◆ Assignment
Could you write out the data that follows, exactly and in full?

◆ Dataset records

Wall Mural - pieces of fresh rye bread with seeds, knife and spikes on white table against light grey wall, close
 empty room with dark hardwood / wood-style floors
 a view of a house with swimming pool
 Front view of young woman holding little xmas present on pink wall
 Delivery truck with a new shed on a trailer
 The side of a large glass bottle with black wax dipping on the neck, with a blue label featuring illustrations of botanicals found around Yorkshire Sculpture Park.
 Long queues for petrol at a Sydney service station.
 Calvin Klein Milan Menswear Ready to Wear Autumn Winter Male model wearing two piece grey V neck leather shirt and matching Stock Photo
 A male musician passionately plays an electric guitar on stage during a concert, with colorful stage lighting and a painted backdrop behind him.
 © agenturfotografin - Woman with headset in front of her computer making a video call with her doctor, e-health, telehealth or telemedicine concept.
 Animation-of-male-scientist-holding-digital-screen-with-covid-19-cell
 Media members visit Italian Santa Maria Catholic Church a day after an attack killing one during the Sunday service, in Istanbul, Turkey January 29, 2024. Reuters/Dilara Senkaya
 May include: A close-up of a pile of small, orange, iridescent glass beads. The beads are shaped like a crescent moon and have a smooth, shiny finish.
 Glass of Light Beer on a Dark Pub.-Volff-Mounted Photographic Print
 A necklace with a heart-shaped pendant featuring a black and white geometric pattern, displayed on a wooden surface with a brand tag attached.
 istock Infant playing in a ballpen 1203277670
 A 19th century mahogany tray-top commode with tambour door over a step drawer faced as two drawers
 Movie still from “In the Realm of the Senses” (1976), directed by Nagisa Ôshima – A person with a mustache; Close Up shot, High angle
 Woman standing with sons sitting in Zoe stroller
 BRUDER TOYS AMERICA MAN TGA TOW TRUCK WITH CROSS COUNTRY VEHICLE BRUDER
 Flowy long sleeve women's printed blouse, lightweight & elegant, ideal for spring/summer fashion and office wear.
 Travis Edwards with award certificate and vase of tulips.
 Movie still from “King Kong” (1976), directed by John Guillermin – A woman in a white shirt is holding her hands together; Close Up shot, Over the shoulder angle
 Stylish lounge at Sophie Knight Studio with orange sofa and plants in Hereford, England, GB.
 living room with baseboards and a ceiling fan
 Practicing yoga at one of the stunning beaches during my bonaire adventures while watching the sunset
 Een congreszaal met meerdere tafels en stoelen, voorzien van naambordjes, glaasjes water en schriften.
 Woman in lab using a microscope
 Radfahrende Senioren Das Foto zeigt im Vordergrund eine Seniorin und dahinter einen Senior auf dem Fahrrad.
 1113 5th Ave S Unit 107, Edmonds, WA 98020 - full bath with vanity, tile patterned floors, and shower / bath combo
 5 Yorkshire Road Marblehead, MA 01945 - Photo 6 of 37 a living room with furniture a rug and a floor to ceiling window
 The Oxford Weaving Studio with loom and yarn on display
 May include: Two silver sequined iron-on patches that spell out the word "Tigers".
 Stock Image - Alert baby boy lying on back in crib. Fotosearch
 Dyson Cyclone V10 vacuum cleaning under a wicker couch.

◆ Solution for this task
Wall Mural - pieces of fresh rye bread with seeds, knife and spikes on white table against light grey wall, close
 empty room with dark hardwood / wood-style floors
 a view of a house with swimming pool
 Front view of young woman holding little xmas present on pink wall
 Delivery truck with a new shed on a trailer
 The side of a large glass bottle with black wax dipping on the neck, with a blue label featuring illustrations of botanicals found around Yorkshire Sculpture Park.
 Long queues for petrol at a Sydney service station.
 Calvin Klein Milan Menswear Ready to Wear Autumn Winter Male model wearing two piece grey V neck leather shirt and matching Stock Photo
 A male musician passionately plays an electric guitar on stage during a concert, with colorful stage lighting and a painted backdrop behind him.
 © agenturfotografin - Woman with headset in front of her computer making a video call with her doctor, e-health, telehealth or telemedicine concept.
 Animation-of-male-scientist-holding-digital-screen-with-covid-19-cell
 Media members visit Italian Santa Maria Catholic Church a day after an attack killing one during the Sunday service, in Istanbul, Turkey January 29, 2024. Reuters/Dilara Senkaya
 May include: A close-up of a pile of small, orange, iridescent glass beads. The beads are shaped like a crescent moon and have a smooth, shiny finish.
 Glass of Light Beer on a Dark Pub.-Volff-Mounted Photographic Print
 A necklace with a heart-shaped pendant featuring a black and white geometric pattern, displayed on a wooden surface with a brand tag attached.
 istock Infant playing in a ballpen 1203277670
 A 19th century mahogany tray-top commode with tambour door over a step drawer faced as two drawers
 Movie still from “In the Realm of the Senses” (1976), directed by Nagisa Ôshima – A person with a mustache; Close Up shot, High angle
 Woman standing with sons sitting in Zoe stroller
 BRUDER TOYS AMERICA MAN TGA TOW TRUCK WITH CROSS COUNTRY VEHICLE BRUDER
 Flowy long sleeve women's printed blouse, lightweight & elegant, ideal for spring/summer fashion and office wear.
 Travis Edwards with award certificate and vase of tulips.
 Movie still from “King Kong” (1976), directed by John Guillermin – A woman in a white shirt is holding her hands together; Close Up shot, Over the shoulder angle
 Stylish lounge at Sophie Knight Studio with orange sofa and plants in Hereford, England, GB.
 living room with baseboards and a ceiling fan
 Practicing yoga at one of the stunning beaches during my bonaire adventures while watching the sunset
 Een congreszaal met meerdere tafels en stoelen, voorzien van naambordjes, glaasjes water en schriften.
 Woman in lab using a microscope
 Radfahrende Senioren Das Foto zeigt im Vordergrund eine Seniorin und dahinter einen Senior auf dem Fahrrad.
 1113 5th Ave S Unit 107, Edmonds, WA 98020 - full bath with vanity, tile patterned floors, and shower / bath combo
 5 Yorkshire Road Marblehead, MA 01945 - Photo 6 of 37 a living room with furniture a rug and a floor to ceiling window
 The Oxford Weaving Studio with loom and yarn on display
 May include: Two silver sequined iron-on patches that spell out the word "Tigers".
 Stock Image - Alert baby boy lying on back in crib. Fotosearch
 Dyson Cyclone V10 vacuum cleaning under a wicker couch.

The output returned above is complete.